▶ Data for this task
++++++++

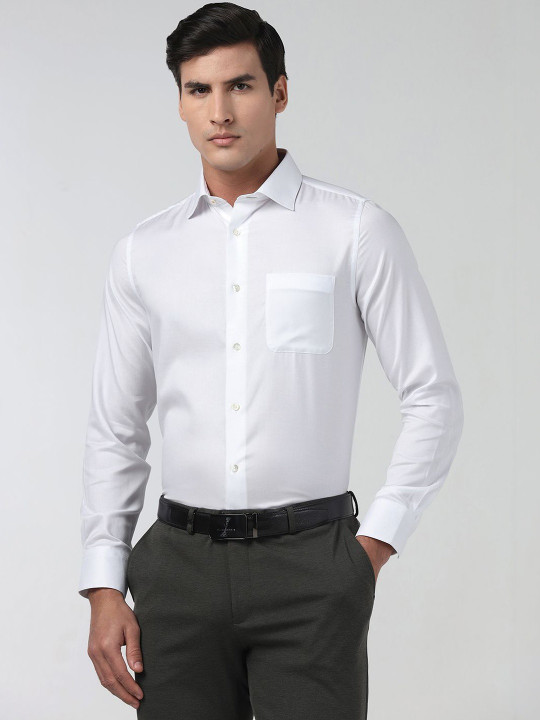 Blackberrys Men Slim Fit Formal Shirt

++++++++

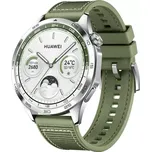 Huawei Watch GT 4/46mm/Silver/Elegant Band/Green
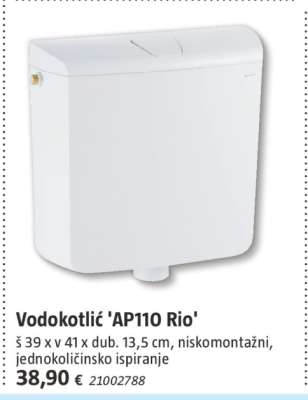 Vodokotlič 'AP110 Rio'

++++++++

From the entries above, copy exactly the lines starting at the one with "Huawei Watch GT" and stopping at the one with "Vodokotlič 'AP110 Rio'", keeping both ends. Drop the pictures.

▶ Output below
 Huawei Watch GT 4/46mm/Silver/Elegant Band/Green
 Vodokotlič 'AP110 Rio'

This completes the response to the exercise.